Sign up on the Revelation Software website to have access to the most current content, and to be able to ask questions and get answers from the Revelation community

At 12 MAR 2003 09:33:25AM Glenn C Harris wrote:

Trying to read data from a Dbase to an AREV file, the KEY to the records is 20 characters in length, each record is approx 220 bytes.

We read the record from the dbase file and then write a record to the arev file. After 3120 records are written the arev file breaks with the message of:

Fatal error writing 10000000000000000001 in file XYZ. The total length of all the key ids in the group exceeds the maximum variable length.

Doing a Dump shows a Group Modulo of 2, Framesize=1024, Size lock=0

All records are in group 1, if we change the threshold and then compress the file, records are placed in many groups. At this point we can write as many records to the file as we want… it appears to be fixed.

If however, we clear the arev file and attempt the process again, we get the same error. Clearing the file appears to put the file back into the condition that causes all records to be written to the same group.

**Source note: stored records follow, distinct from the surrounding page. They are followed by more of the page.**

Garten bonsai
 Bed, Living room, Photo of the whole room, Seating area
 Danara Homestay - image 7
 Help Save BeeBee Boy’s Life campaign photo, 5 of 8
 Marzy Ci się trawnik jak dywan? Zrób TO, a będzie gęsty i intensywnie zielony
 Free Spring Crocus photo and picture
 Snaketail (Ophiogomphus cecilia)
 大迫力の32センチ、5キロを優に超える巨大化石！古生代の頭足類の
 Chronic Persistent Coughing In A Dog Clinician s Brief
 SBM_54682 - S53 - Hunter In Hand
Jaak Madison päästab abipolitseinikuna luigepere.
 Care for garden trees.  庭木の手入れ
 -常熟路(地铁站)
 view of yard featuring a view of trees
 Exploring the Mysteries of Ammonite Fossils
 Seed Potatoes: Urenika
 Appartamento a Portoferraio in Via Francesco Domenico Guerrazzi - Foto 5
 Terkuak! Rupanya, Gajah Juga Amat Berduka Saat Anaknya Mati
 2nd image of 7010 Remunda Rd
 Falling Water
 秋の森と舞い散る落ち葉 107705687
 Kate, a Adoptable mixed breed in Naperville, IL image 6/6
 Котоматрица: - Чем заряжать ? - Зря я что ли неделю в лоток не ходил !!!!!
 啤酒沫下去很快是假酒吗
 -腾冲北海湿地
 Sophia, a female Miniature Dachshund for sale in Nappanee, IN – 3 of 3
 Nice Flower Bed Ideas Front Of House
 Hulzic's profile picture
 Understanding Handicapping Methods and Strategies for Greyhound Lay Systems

At 12 MAR 2003 11:37AM Hippo wrote:

I've reported bug in wrong recomputation of ALPHA value during SELECT ALL (READNEXTING LOOP) (AREV 3.12) … Cutting of FMC pointer in /FF/ by TCL SELECT ALL "program". This is simillar topic (automatic resizing problems with Alpha and Treshold), but seems to be different.

Can you trace your program and check ALPHA and main MODULO changes during the insert process?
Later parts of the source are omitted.